Terlihat sudah, cara berpikir dan isi pikiran sangat signifikan perannya dan menjadi masalah ketika kita tidak mampu mengendalikannya. Mengapa kita sulit mengendalikan? Karena proses yang terjadi saat kita menilai sesuatu sangat cepat dan kita tidak sadar melakukannya terus menerus hingga tampaknya terjadi secara otomatis (automatic thoughts). Automatic thoughts adalah salah satu kesalahan berpikir atau kami menyebutnya distorsi kognitif. Selain automatic thoughts beberapa kesalahan berpikir menurut Palmer (2010) adalah:

  1. Berpikir ekstrem, yaitu mengevaluasi pengalaman menggunakan kutub ekstrem. Co: jika aku tidak disapa, aku tidak akan pernah bisa mendapatkan teman
  2. Membaca pikiran/cepat menarik kesimpulan, dan mengasumsikan respon negatif tanpa informasi relevan. Co: karena ia tidak menyapaku berarti ia membenciku
  3. Personalisasi, yaitu menyalahkan diri sendiri untuk sebuah peristiwa. Co: aku di-ghosting sama dia karena salah aku yang ngga bisa mempertahankan obrolan
  4. Terlalu menggeneralisasi, yaitu membuat kesimpulan negatif hanya berdasar satu atau lebih peristiwa. Co: dia pasti benci sama aku karena aku membawa pulang bukunya secara tidak sengaja
  5. Meramal, berasumsi bahwa kita tahu masa depan. Co: kalau deg-degan begini pasti ada hal ngga baik terjadi di masa depan.

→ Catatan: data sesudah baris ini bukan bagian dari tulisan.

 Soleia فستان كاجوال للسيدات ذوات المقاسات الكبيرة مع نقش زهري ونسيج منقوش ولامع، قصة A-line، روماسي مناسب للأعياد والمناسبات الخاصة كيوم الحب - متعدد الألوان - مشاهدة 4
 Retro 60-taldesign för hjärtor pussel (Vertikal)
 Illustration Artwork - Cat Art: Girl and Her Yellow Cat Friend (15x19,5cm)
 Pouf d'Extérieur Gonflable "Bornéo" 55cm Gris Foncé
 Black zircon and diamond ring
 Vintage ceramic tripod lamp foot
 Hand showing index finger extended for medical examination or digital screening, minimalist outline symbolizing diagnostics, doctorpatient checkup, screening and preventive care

  6. Rasionalisasi emosi, mencampurkan perasaan dengan fakta. Co: kalau cemas pas lagi presentasi ngga lancar nih bicaranya
  7. Memberi label, yaitu menggunakan label yang tidak berguna untuk menggambarkan diri ataupun orang lain. Co: how stupid I am!

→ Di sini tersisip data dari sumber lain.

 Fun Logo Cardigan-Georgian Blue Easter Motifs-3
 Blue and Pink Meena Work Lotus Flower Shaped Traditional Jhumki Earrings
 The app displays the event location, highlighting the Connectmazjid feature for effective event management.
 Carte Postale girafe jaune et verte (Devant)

  8. Magnifikasi (lebay), yaitu melebih-lebihkan sesuatu di luar proporsi. Co: salah jawab di depan umum membuat aku rasanya ingin mati
Yap. Pikiran bisa sejahat itu bukan? Tatkala isi pikiran kita itu menghina diri kita sendiri dan melakukan judgement negatif terhadap seseorang. Jika dibiarkan bisa menular hingga menimbulkan stigma, racism, dan intoleransi. Awalnya mungkin hanya dimulai dari pikiran, lalu diucapkan, hingga menjadi duri buat diri sendiri atau orang lain. 
Manusia diberikan kuasa oleh Tuhan untuk mengendalikan hal ini. YOU CAN DO IT! Jangan sampai kita kalah terhadap pikiran kita sendiri. 

Semoga infonya bermanfaat dan selamat merenung 😃
ᐯᗩᑭ

Referensi:
- Palmer, Stephen. 2010. Introduction to Counseling and Psychotherapy: The Essential Guide. London: SAGE Publications Ltd.